Task to complete » Word for word, write out all of the data below.

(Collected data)
════════

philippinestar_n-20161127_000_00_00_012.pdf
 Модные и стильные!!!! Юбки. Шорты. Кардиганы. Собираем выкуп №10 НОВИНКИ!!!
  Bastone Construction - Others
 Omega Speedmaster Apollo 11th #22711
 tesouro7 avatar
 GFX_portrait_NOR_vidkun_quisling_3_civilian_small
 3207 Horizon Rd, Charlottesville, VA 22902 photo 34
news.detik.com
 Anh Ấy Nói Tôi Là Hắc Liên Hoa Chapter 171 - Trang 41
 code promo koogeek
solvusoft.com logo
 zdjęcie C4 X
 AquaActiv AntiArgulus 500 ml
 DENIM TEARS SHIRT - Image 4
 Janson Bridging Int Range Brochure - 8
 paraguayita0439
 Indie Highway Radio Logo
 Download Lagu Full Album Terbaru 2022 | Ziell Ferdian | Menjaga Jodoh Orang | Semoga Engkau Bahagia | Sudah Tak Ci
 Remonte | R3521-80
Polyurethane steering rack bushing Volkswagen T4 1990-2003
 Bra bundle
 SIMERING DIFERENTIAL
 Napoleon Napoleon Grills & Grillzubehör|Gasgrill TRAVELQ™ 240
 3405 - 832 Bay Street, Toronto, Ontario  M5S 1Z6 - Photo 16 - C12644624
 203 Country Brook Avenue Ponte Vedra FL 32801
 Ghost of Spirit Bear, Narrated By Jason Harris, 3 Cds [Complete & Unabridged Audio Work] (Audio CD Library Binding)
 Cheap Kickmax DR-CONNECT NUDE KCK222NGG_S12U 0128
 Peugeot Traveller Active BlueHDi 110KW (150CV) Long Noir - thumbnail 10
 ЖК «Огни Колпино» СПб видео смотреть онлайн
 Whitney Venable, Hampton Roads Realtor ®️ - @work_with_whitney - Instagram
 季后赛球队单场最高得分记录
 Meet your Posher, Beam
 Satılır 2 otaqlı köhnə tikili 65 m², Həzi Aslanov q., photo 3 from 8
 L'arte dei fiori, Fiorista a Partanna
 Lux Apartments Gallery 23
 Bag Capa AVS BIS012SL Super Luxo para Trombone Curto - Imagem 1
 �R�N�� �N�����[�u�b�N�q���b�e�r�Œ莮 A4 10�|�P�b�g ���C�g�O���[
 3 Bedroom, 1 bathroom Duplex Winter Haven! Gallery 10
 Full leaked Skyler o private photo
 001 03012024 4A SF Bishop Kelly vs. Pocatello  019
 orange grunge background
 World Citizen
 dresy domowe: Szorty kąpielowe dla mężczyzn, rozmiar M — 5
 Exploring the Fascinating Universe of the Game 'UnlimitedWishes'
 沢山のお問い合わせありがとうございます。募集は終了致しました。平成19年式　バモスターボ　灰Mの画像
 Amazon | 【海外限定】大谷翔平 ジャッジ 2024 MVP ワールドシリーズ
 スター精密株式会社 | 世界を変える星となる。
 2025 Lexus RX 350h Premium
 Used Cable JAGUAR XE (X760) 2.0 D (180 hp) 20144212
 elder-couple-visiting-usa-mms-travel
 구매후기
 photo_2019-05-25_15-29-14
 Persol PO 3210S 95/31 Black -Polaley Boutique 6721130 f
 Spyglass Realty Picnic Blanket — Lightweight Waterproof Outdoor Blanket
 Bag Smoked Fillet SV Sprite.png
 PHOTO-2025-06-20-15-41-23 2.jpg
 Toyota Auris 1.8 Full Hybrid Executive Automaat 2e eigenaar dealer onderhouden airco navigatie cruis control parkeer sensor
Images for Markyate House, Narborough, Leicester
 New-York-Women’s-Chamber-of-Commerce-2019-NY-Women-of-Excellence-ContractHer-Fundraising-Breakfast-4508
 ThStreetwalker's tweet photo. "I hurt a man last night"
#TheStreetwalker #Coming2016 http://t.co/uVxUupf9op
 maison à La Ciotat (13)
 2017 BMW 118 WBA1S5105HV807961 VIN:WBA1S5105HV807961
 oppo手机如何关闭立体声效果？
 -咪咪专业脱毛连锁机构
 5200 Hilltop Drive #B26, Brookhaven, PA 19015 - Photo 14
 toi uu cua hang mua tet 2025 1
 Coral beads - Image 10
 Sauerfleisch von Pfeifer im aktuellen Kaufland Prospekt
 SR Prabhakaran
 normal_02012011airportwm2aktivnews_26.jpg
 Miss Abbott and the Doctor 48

════════

Solution for this problem »
philippinestar_n-20161127_000_00_00_012.pdf
 Модные и стильные!!!! Юбки. Шорты. Кардиганы. Собираем выкуп №10 НОВИНКИ!!!
  Bastone Construction - Others
 Omega Speedmaster Apollo 11th #22711
 tesouro7 avatar
 GFX_portrait_NOR_vidkun_quisling_3_civilian_small
 3207 Horizon Rd, Charlottesville, VA 22902 photo 34
news.detik.com
 Anh Ấy Nói Tôi Là Hắc Liên Hoa Chapter 171 - Trang 41
 code promo koogeek
solvusoft.com logo
 zdjęcie C4 X
 AquaActiv AntiArgulus 500 ml
 DENIM TEARS SHIRT - Image 4
 Janson Bridging Int Range Brochure - 8
 paraguayita0439
 Indie Highway Radio Logo
 Download Lagu Full Album Terbaru 2022 | Ziell Ferdian | Menjaga Jodoh Orang | Semoga Engkau Bahagia | Sudah Tak Ci
 Remonte | R3521-80
Polyurethane steering rack bushing Volkswagen T4 1990-2003
 Bra bundle
 SIMERING DIFERENTIAL
 Napoleon Napoleon Grills & Grillzubehör|Gasgrill TRAVELQ™ 240
 3405 - 832 Bay Street, Toronto, Ontario  M5S 1Z6 - Photo 16 - C12644624
 203 Country Brook Avenue Ponte Vedra FL 32801
 Ghost of Spirit Bear, Narrated By Jason Harris, 3 Cds [Complete & Unabridged Audio Work] (Audio CD Library Binding)
 Cheap Kickmax DR-CONNECT NUDE KCK222NGG_S12U 0128
 Peugeot Traveller Active BlueHDi 110KW (150CV) Long Noir - thumbnail 10
 ЖК «Огни Колпино» СПб видео смотреть онлайн
 Whitney Venable, Hampton Roads Realtor ®️ - @work_with_whitney - Instagram
 季后赛球队单场最高得分记录
 Meet your Posher, Beam
 Satılır 2 otaqlı köhnə tikili 65 m², Həzi Aslanov q., photo 3 from 8
 L'arte dei fiori, Fiorista a Partanna
 Lux Apartments Gallery 23
 Bag Capa AVS BIS012SL Super Luxo para Trombone Curto - Imagem 1
 �R�N�� �N�����[�u�b�N�q���b�e�r�Œ莮 A4 10�|�P�b�g ���C�g�O���[
 3 Bedroom, 1 bathroom Duplex Winter Haven! Gallery 10
 Full leaked Skyler o private photo
 001 03012024 4A SF Bishop Kelly vs. Pocatello  019
 orange grunge background
 World Citizen
 dresy domowe: Szorty kąpielowe dla mężczyzn, rozmiar M — 5
 Exploring the Fascinating Universe of the Game 'UnlimitedWishes'
 沢山のお問い合わせありがとうございます。募集は終了致しました。平成19年式　バモスターボ　灰Mの画像
 Amazon | 【海外限定】大谷翔平 ジャッジ 2024 MVP ワールドシリーズ
 スター精密株式会社 | 世界を変える星となる。
 2025 Lexus RX 350h Premium
 Used Cable JAGUAR XE (X760) 2.0 D (180 hp) 20144212
 elder-couple-visiting-usa-mms-travel
 구매후기
 photo_2019-05-25_15-29-14
 Persol PO 3210S 95/31 Black -Polaley Boutique 6721130 f
 Spyglass Realty Picnic Blanket — Lightweight Waterproof Outdoor Blanket
 Bag Smoked Fillet SV Sprite.png
 PHOTO-2025-06-20-15-41-23 2.jpg
 Toyota Auris 1.8 Full Hybrid Executive Automaat 2e eigenaar dealer onderhouden airco navigatie cruis control parkeer sensor
Images for Markyate House, Narborough, Leicester
 New-York-Women’s-Chamber-of-Commerce-2019-NY-Women-of-Excellence-ContractHer-Fundraising-Breakfast-4508
 ThStreetwalker's tweet photo. "I hurt a man last night"
#TheStreetwalker #Coming2016 http://t.co/uVxUupf9op
 maison à La Ciotat (13)
 2017 BMW 118 WBA1S5105HV807961 VIN:WBA1S5105HV807961
 oppo手机如何关闭立体声效果？
 -咪咪专业脱毛连锁机构
 5200 Hilltop Drive #B26, Brookhaven, PA 19015 - Photo 14
 toi uu cua hang mua tet 2025 1
 Coral beads - Image 10
 Sauerfleisch von Pfeifer im aktuellen Kaufland Prospekt
 SR Prabhakaran
 normal_02012011airportwm2aktivnews_26.jpg
 Miss Abbott and the Doctor 48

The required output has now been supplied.